Drama though it might have been, it read like a chilly courtroom. Witnesses were actual politicians, environmentalists and researchers. Prosecutors and the defense team were lawyers and law professors.
Norway’s oil and gas industry, however, bowed out of taking part in the mock trial. Morten Traavik, the politically daring Norwegian actor and director who staged “The Trial of the Century,” said he asked key officials in Norway’s state oil juggernaut to participate, but they declined.
“That the minsters are busy isn’t a respectable reason not to appear in this people’s court,” said Traavik. “Even the king must answer to a people’s assembly.”
The prosecutor, played by University of Oslo law professor Hans Petter Graver, presented the case that the government’s decision to grant oil exploration licenses in the Barents Sea violates article 112 of the Norwegian constitution.
“Oil, of course, creates jobs, but money doesn’t justify climate losses,” he said. “We can’t make decisions only in our own interest, to Northerners, but to the detriment of other peoples. Other countries make anti-environmental decision, but that’s not a justification for us.”
Witnesses for the prosecution spoke of responsibility to their descendants, which is more important than financial loses that would result of not drilling oil in the Arctic.

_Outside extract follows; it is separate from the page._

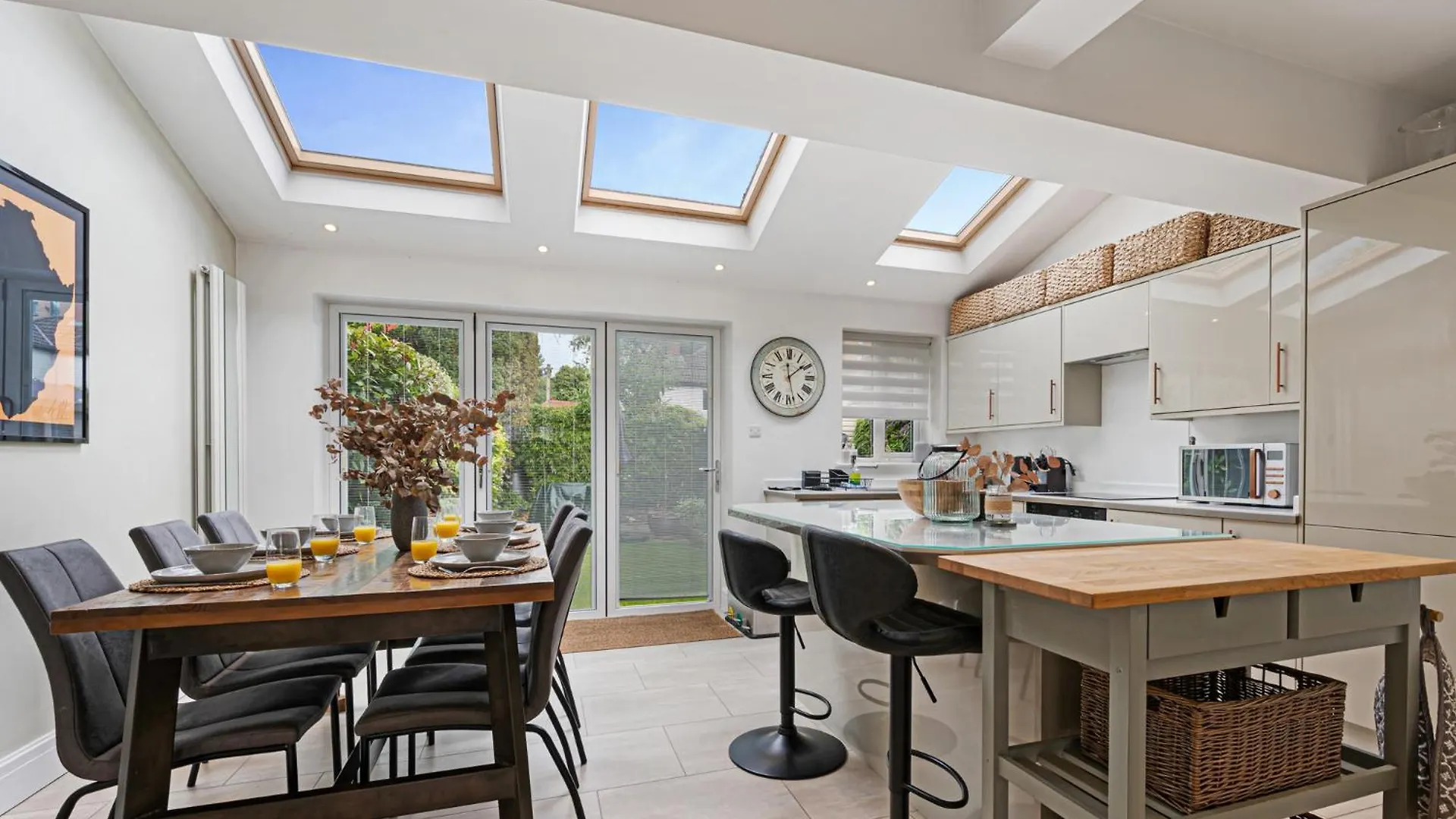 Pass The Keys Picture Perfect Haven In Didsbury Village - Free Parking & Ev Station Manchester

They also spoke of responsibility to other areas of the world, Hong Kong for instance, that would sink should the world’s temperature rise by a few degrees.
“Politicians refer to the need to develop northern territories and jobs for young people, but who will need these jobs? Are you sure climate change won’t make our region unsuitable to our life?” was the point of view put forward by Stine Østnur, an activist with Nature and Youth. She was born in northern Norway, and she resented older politicians forcing their decisions on her generation.
But the defense contested in the mock trial that the country needs its oil, though those acting on the government side came to a variety of conclusions. A number of researchers suggested that the oil industry has become more environmentally responsible, citing the example of carbon capture and storage technologies.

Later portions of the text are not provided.